Ted Cruz Senate Site SSL Cert Expired - heyyeverybody
https://www.cruz.senate.gov/?p=about_senator

======
damm
Incorrect topic; the SSL Cert is valid. There is no CN (or additional record)
for Ted Cruz.

www.cruz.senate.gov uses an invalid security certificate.
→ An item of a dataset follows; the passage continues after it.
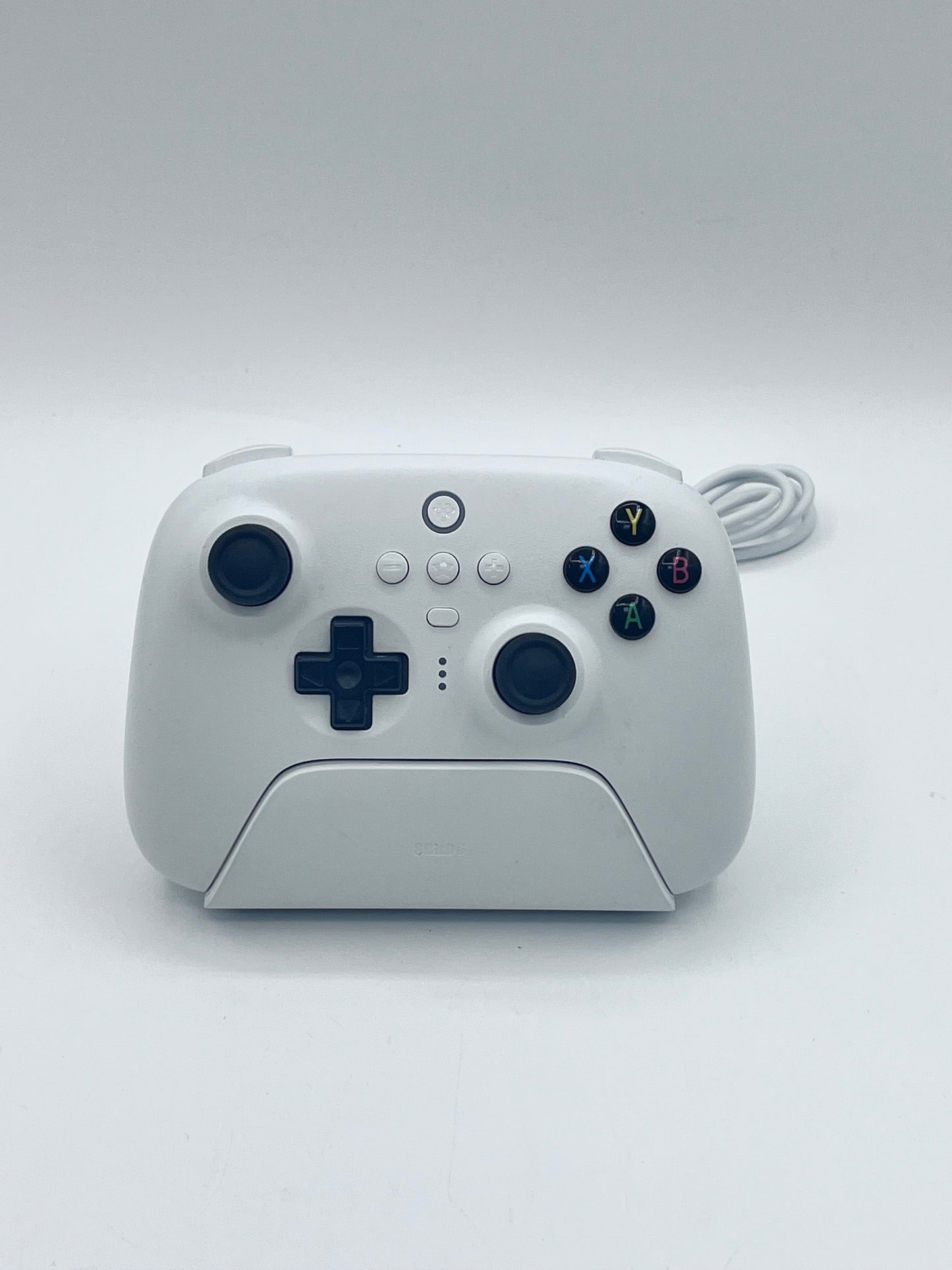8bitdo Ultimate 2.4G Wireless Video Game Controller - White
The certificate is
only valid for the following names: senate.gov, efd.senate.gov,
efdsearch.senate.gov, oar.senate.gov, placementoffice.senate.gov,
sdc1.senate.gov, www.ag.senate.gov, www.aging.senate.gov,
www.baldwin.senate.gov, www.bennet.senate.gov, www.blumenthal.senate.gov,
www.booker.senate.gov, www.boxer.senate.gov, www.brown.senate.gov,
www.cardin.senate.gov, www.casey.senate.gov, www.coats.senate.gov,
www.coons.senate.gov, www.corker.senate.gov, www.cornyn.senate.gov,
www.donnelly.senate.gov, www.dpc.senate.gov, www.durbin.senate.gov,
www.feinstein.senate.gov, www.finance.senate.gov, www.foreign.senate.gov,
www.franken.senate.gov, www.gillibrand.senate.gov, www.harkin.senate.gov,
www.heinrich.senate.gov, www.help.senate.gov, www.hirono.senate.gov,
www.hsgac.senate.gov, www.kaine.senate.gov, www.king.senate.gov,
www.leahy.senate.gov, www.levin.senate.gov, www.menendez.senate.gov,
www.merkley.senate.gov, www.mikulski.senate.gov, www.portman.senate.gov,
www.reed.senate.gov, www.reid.senate.gov, www.republican.senate.gov,
www.republicans.senate.gov, www.ronjohnson.senate.gov, www.rpc.senate.gov,
www.sanders.senate.gov, www.schatz.senate.gov, www.schumer.senate.gov,
www.scott.senate.gov, www.senate.gov, www.shaheen.senate.gov,
www.src.senate.gov, www.tester.senate.gov, www.tomudall.senate.gov,
www.whitehouse.senate.gov, www.wyden.senate.gov (Error code:
ssl_error_bad_cert_domain)

------
quotedmycode
This is really nothing here, McCain doesn't have an HTTPS page either, and I
suspect most senators wouldn't have a secure site. It's really a public
website... so, no big deal.